The rewrite is vocabulary-aware: your custom terms, technical terms visible on the surface you're dictating into, jargon learned from your past dictations, and your project/host names are all injected so the model corrects toward your vocabulary ("shop if I" → Shopify) instead of away from it. It never invents facts — output that adds information the transcript didn't contain is rejected and your raw words are kept.

With text selected, your words become an edit instruction: select a paragraph, hold Fn, say "make this a bullet list" — the selection is transformed instead of appended.

Transcription engines

macOS Dictation (default)

Zero setup, zero download. The OS types as you speak. Audio is captured by macOS itself (corespeechd), not by PortBay.

Local model

Swap the recognizer for a Whisper or Parakeet model running on your Mac's Neural Engine — your choice of accuracy, language coverage, and speed. Streaming models show live captions while you talk. Requires macOS 14+.

ModelSizeLanguagesCharacter
Parakeet TDT v3 (0.6B)~2.4 GB25 European languagesFastest on Apple Silicon — near-instant transcription on the Neural Engine.
Whisper Large v3 Turbo~1.6 GB99 languagesBest accuracy-per-second in the Whisper family — the default Whisper pick.
Distil-Whisper Large v3~1.5 GBEnglishClose to Turbo speed, English only.
Whisper Large v3~3.1 GB99 languagesMost accurate, slowest — when every word matters more than latency.
Whisper Medium (English)~1.5 GBEnglishA lighter download for English-only dictation.

Download and manage these from the AI page's Models section — speech models appear in the same installed list as Ollama models and share the same models volume.
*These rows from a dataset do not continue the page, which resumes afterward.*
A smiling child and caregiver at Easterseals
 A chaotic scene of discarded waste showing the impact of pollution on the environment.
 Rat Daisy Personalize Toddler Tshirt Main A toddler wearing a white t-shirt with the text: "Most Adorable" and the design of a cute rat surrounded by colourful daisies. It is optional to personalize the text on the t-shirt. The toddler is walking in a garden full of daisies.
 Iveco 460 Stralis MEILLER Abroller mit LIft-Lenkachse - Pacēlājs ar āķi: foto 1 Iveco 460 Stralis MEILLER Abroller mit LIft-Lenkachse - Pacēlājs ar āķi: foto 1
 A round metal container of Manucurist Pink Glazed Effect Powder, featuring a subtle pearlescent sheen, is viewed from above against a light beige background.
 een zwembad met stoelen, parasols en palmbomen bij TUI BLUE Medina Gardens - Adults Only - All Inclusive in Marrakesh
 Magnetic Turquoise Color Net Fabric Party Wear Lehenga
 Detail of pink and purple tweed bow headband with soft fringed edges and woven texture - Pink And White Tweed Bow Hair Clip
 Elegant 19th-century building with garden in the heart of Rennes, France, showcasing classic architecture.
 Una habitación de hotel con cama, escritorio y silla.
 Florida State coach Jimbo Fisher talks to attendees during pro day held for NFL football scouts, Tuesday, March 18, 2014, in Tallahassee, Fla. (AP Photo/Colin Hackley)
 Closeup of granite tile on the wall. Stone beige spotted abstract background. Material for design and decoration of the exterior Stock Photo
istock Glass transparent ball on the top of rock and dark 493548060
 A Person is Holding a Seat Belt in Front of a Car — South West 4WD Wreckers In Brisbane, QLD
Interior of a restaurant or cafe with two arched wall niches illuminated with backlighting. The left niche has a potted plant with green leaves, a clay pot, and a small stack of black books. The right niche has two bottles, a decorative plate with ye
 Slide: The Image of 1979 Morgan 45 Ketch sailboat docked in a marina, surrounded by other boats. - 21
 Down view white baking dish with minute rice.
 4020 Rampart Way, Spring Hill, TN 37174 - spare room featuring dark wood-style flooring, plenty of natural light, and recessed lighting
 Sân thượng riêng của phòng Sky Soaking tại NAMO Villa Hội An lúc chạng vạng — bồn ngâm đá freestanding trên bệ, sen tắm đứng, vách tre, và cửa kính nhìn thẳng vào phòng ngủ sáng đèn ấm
A download seals with a completion marker, so an interrupted pull can never masquerade as an installed model.

The rewrite model

ProviderRuns onSetup
Apple Intelligence (default)This Mac, on-deviceNone — macOS 26+ with Apple Intelligence enabled.
OllamaThis Mac, your serverLocal AI guide — one click.

For power users, qwen2.5:7b on Ollama is the data-backed upgrade: in PortBay's jargon A/B testing it dropped fewer clauses in dense, correction-heavy speech and applied custom vocabulary more reliably than the built-in on-device model. When PortBay detects a running Ollama while Apple Intelligence is active, the panel offers the switch — one click, same privacy.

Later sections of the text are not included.